Can the GC be held liable when a corporation's officers engage in fraudulent conduct?

General Counsel may be held liable when a corporation's officers engage in fraudulent conduct, even when the general counsel is not aware of and does not participate in the wrongdoing.  This was the holding in Miller v. McDonald (In re World Health Alternatives, Inc.), No. 06-10166, 2008 Bankr. LEXIS 1012 (Bankr. D. Del. Apr. 9, 2008), a recent bankruptcy case out of Delaware.

In Miller, the bankruptcy trustee sued nine officers on several counts, including breach of fiduciary duty, corporate waste, negligent misrepresentation, and aiding and abetting fraud.  One of these corporate officers, Brian Licastro, was both Vice President and General Counsel of World Health Alternatives, Inc.  Licastro moved to dismiss the claims against him on the basis that he neither participated in, nor had any knowledge of, the alleged fraudulent conduct.  The bankruptcy court held that the trustee's claims against Licastro should not be dismissed because Licastro could be held accountable even if he did not know about the fraud or did not personally participate in the fraud.

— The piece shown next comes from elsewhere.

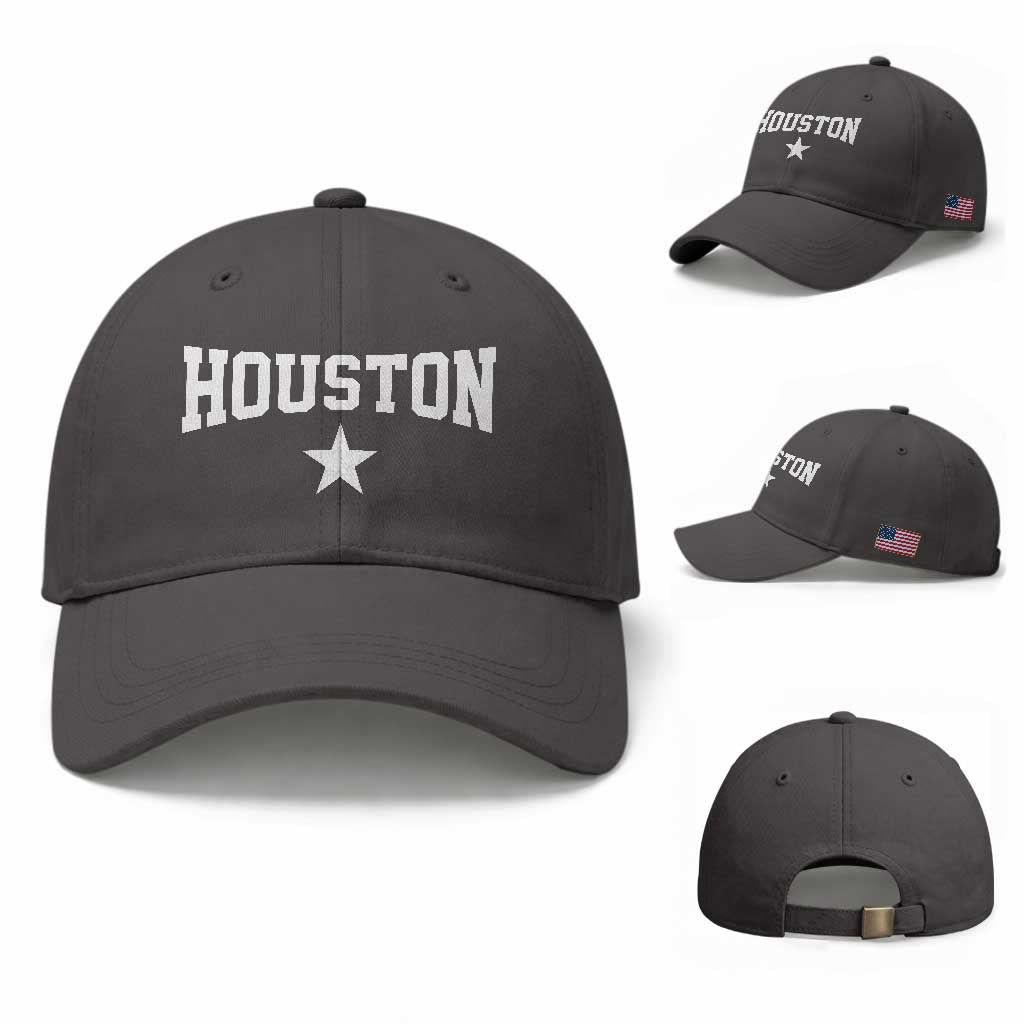 Vintage Houston Baseball Cap Retro Texas Throwback Athletic Sports Style 80s 90s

Can a breach of fiduciary duty claim against general counsel be sustained based on failure to monitor?

According to the court in Miller, fraudulent conduct is not necessary for liability to arise.  A breach of fiduciary duty claim against general counsel, for instance, can be sustained based on the general counsel's failure to implement and/or utilize "an adequate monitoring system … to safeguard against corporate wrongdoing." Id. at *29.  Many general counsel are often also corporate officers, and as such they owe fiduciary duties to the corporation.  As part of this fiduciary duty, officers must ensure that a corporate information and reporting system is implemented.  In addition to implementing such systems, officers must monitor the systems and report potential risks or problems to the board.  Lack of knowledge and failure to take action will not absolve officers of liability for a corporation's fraudulent conduct.  The Miller case suggests that affirmative acts are often required to avoid liability.

The claim against Licastro for waste of corporate assets was also sustained even though Licastro argued that he was not involved in any wasteful activities.  According to the court, it did not matter that Licastro was not a financial officer.  Because the complaint alleged that Licastro, as VP of operations and general counsel, allowed and knew or should have known about the corporate waste, the court refused to dismiss the claim.

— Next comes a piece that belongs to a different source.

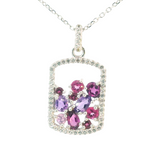 Sterling & Gold Filled Gemstone Pendant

What action can General Counsel take to avoid liability?

An example of an express affirmative duty is the duty of a general counsel to inspect the truthfulness of SEC filings.  See 17 C.F.R. Part 205 (Jan. 29, 2007).  The court in Miller held that Licastro, as the in-house general counsel and the only lawyer in top management during the relevant period, "had a duty to know or should have known of the[] corporate wrong doings and [should have] reported such breaches of fiduciary duties by the management."  Miller, 2008 Bankr. LEXIS 1012, at *32.

A proper claim against in-house general counsel for negligent misrepresentation does not require actual knowledge either.  Where, as in Miller, the misrepresentations are press releases and SEC filings, the in-house general counsel should review these matters and should undertake an examination of the company's affairs to ascertain the trustfulness of these disclosures.  Id. at *44.  Failure to take these affirmative steps will subject the in-house attorneys to potential claims for negligent misrepresentation.

The Miller holding should be a warning to all in-house lawyers, and particularly to general counsel, who feel insulated from liability.  Participation and knowledge are not required for general counsel to be held accountable for corporate wrong-doings.  A general counsel serving as an officer of a corporation is charged with the duty to take affirmative steps to monitor fraudulent activities.  Moreover, mere monitoring is insufficient; reporting and other corrective actions are necessary to avoid liability.  Thus, in-house lawyers should proceed with caution, as they may be held accountable for failing to maintain and promote corporate integrity.